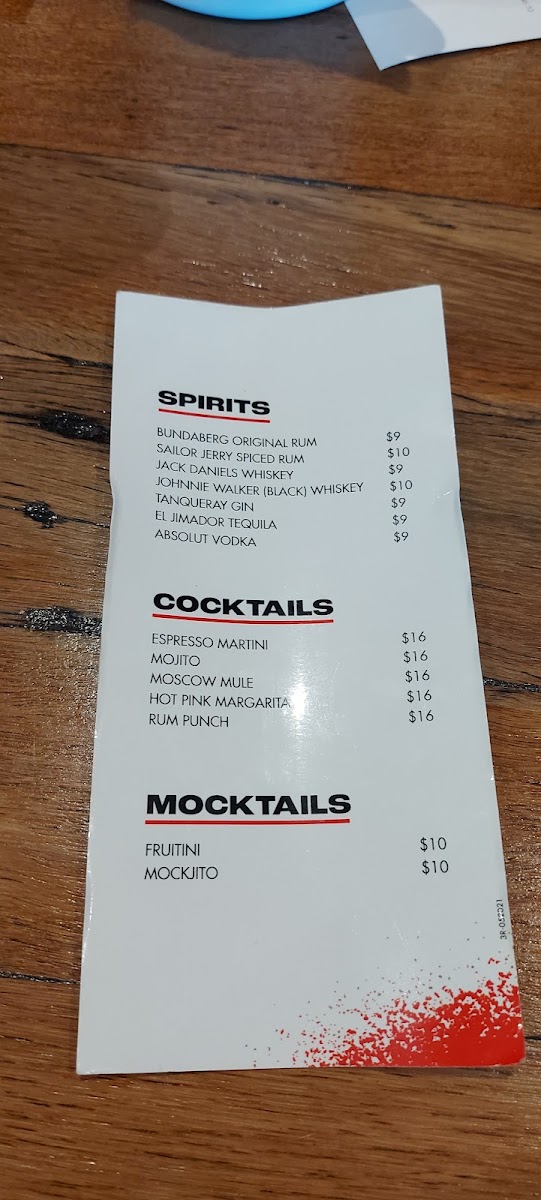 Menu Burger Urge (Townsville)-4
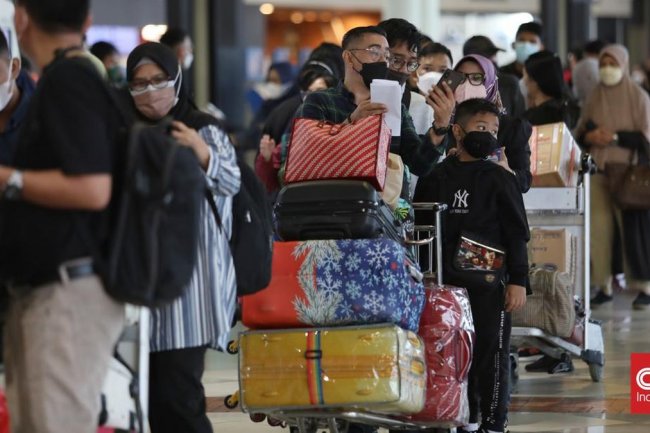 BPS Waspadai Sejumlah Barang Penyumbang Inflasi Saat Ramadan-Lebaran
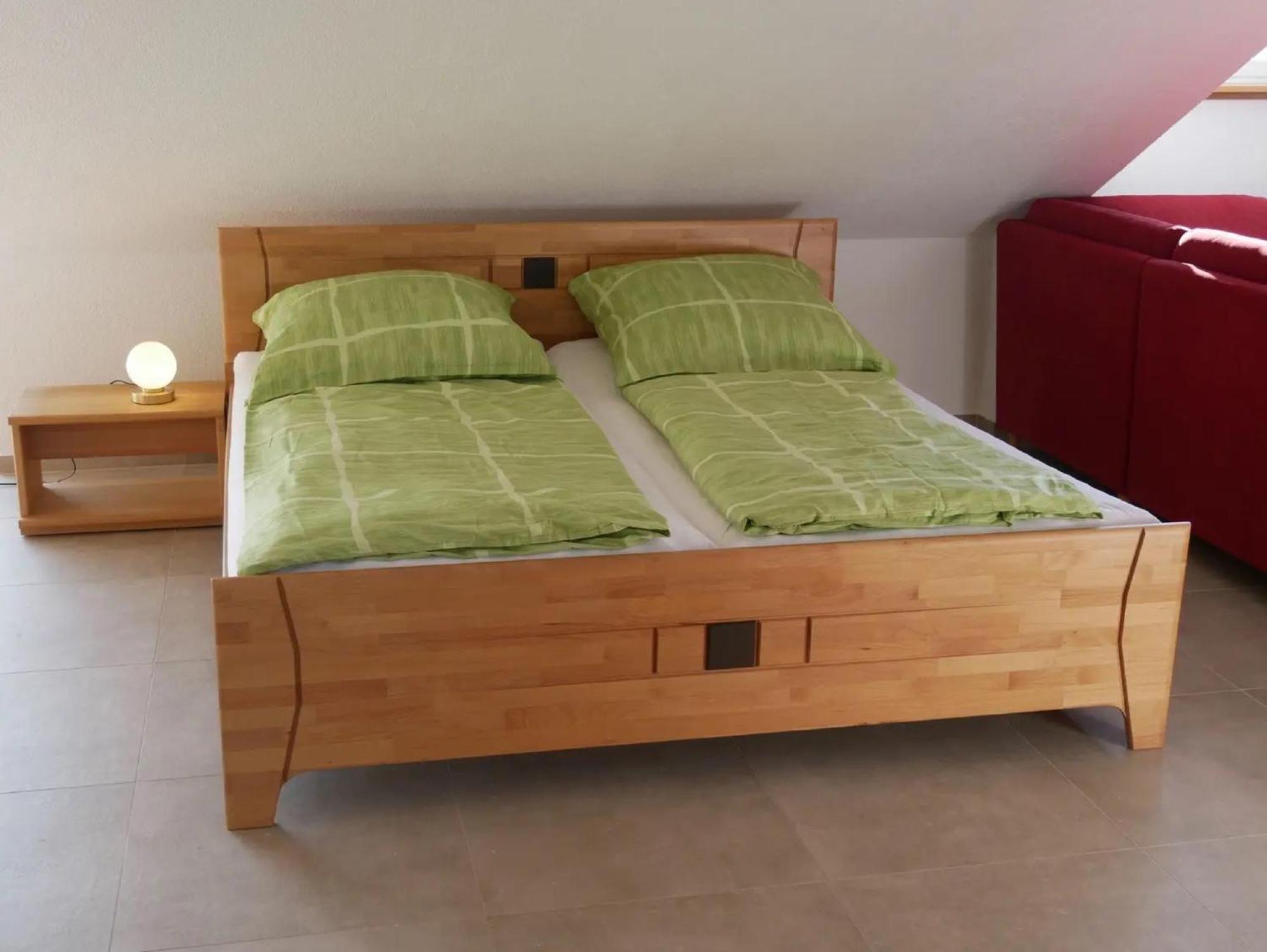 Ferienwohnung Haus Maria Wäschenbeuren Esterno foto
-- -- --
Task directions: Leaving the pictures aside, repeat the data above exactly.

Answer to the exercise:
 Menu Burger Urge (Townsville)-4
 BPS Waspadai Sejumlah Barang Penyumbang Inflasi Saat Ramadan-Lebaran
 Ferienwohnung Haus Maria Wäschenbeuren Esterno foto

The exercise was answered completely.